(TASK BRIEF): Write out exactly the lines below that run from the one containing "portrait of a german shepherd dog" through the one containing "DSC_0046_edited-1.jpg", both included, with no other lines.

(STORED DATA):
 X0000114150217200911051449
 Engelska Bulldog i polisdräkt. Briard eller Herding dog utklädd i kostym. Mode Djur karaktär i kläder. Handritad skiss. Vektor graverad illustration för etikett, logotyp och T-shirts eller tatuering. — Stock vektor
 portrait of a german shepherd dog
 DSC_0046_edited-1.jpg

==

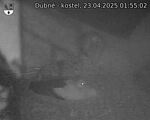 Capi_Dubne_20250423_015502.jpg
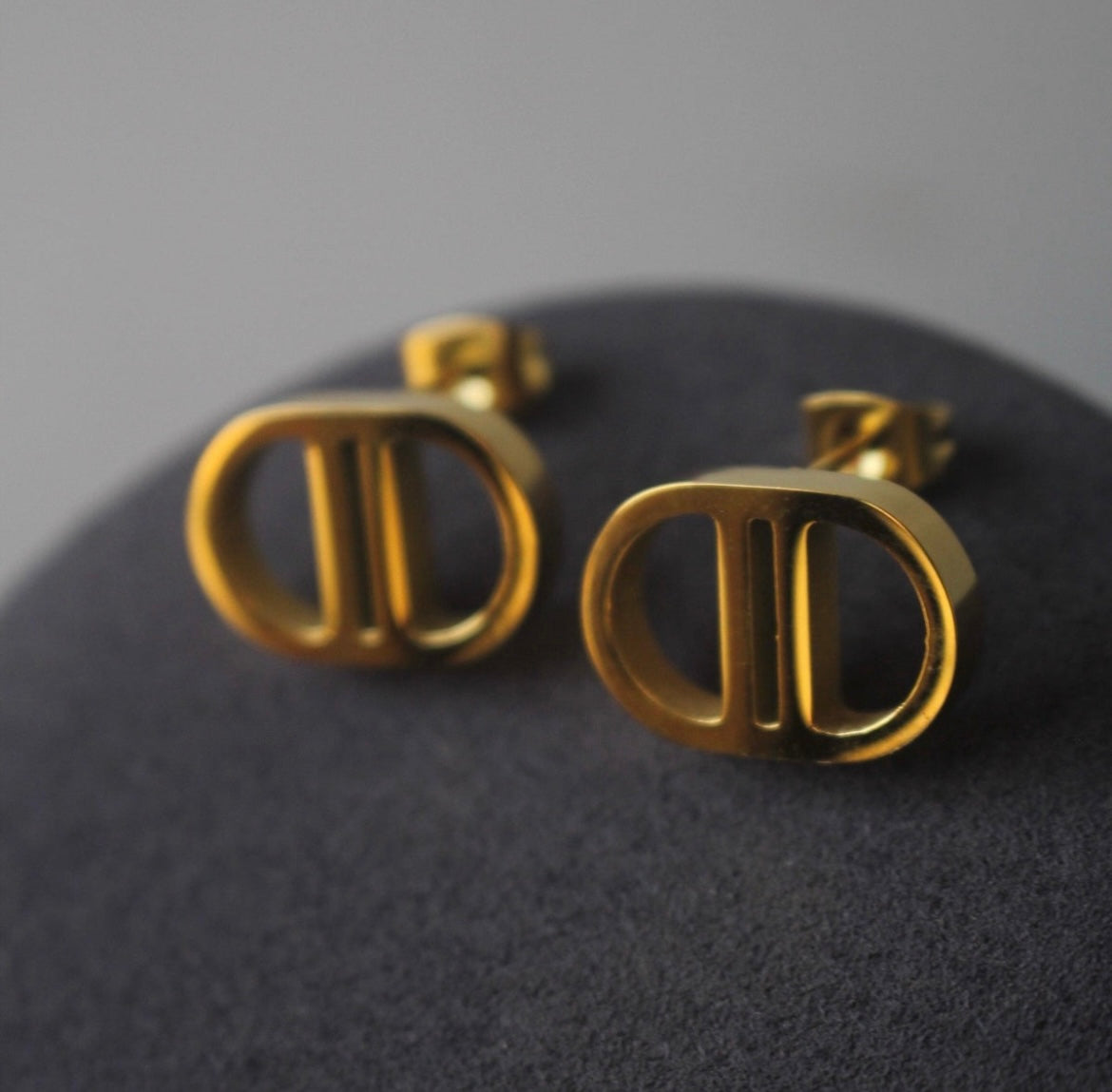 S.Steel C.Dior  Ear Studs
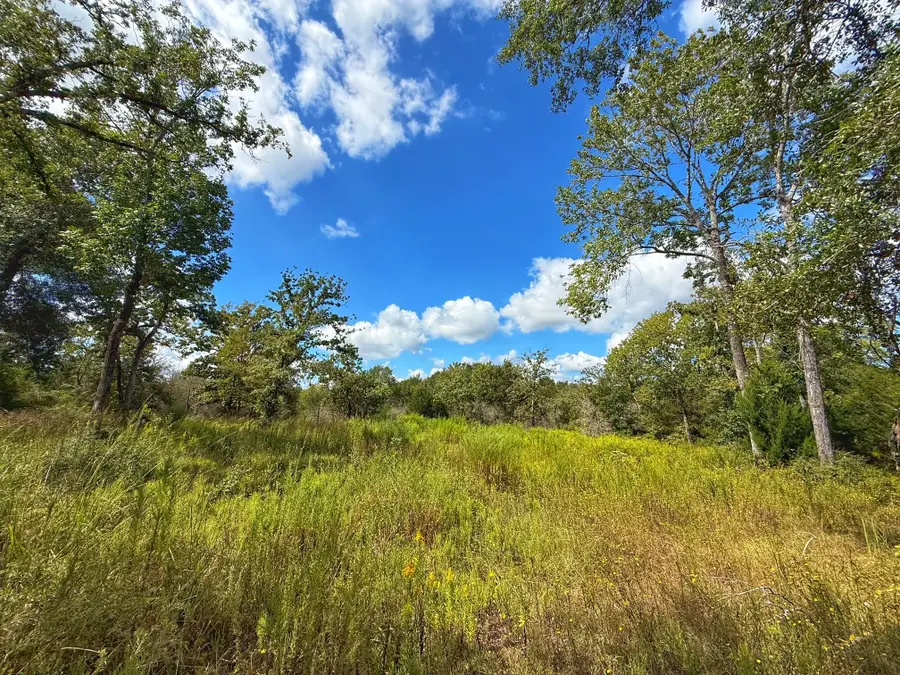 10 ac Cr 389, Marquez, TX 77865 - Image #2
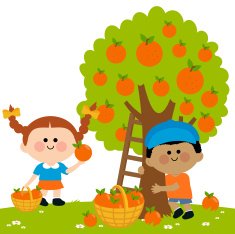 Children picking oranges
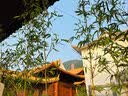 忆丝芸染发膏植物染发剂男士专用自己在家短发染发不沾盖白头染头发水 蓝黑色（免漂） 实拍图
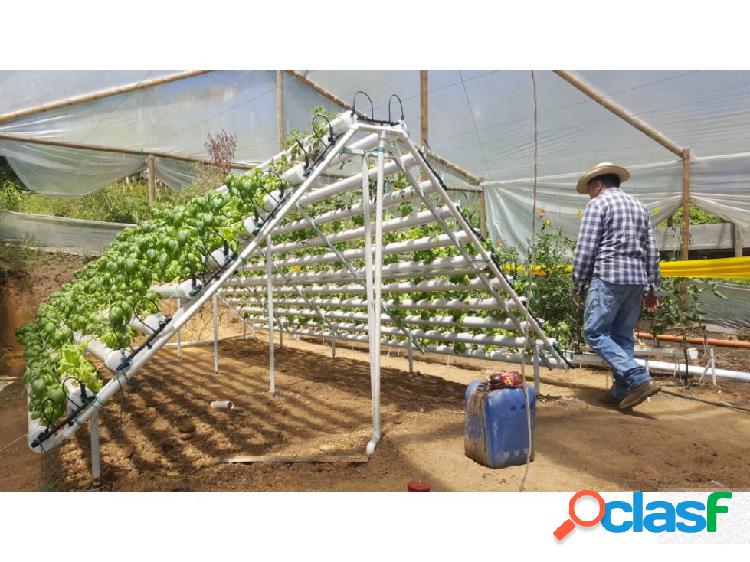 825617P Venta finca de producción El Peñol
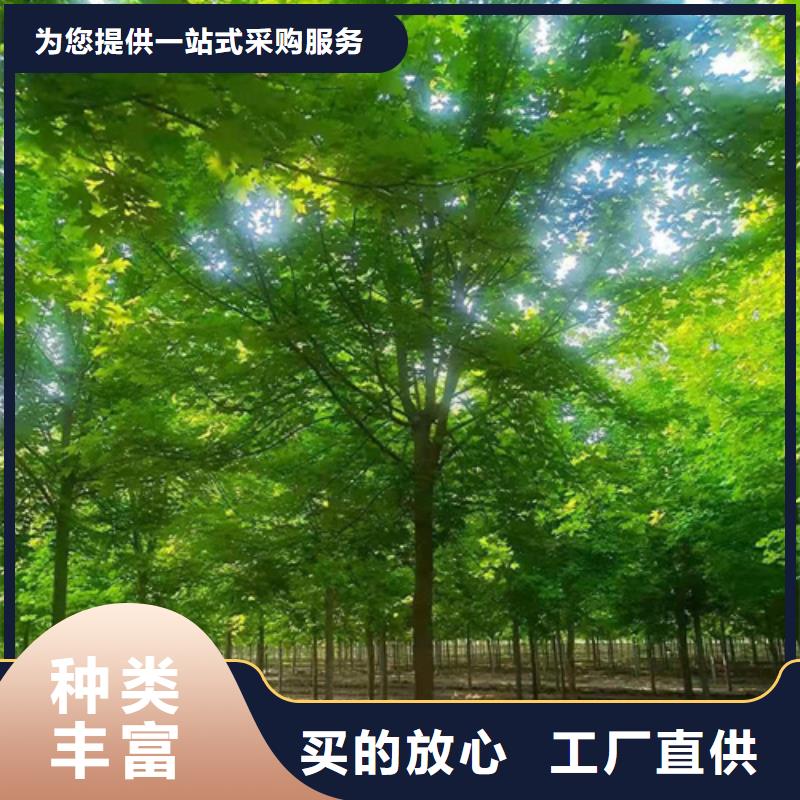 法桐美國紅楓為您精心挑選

(RESULT):
 portrait of a german shepherd dog
 DSC_0046_edited-1.jpg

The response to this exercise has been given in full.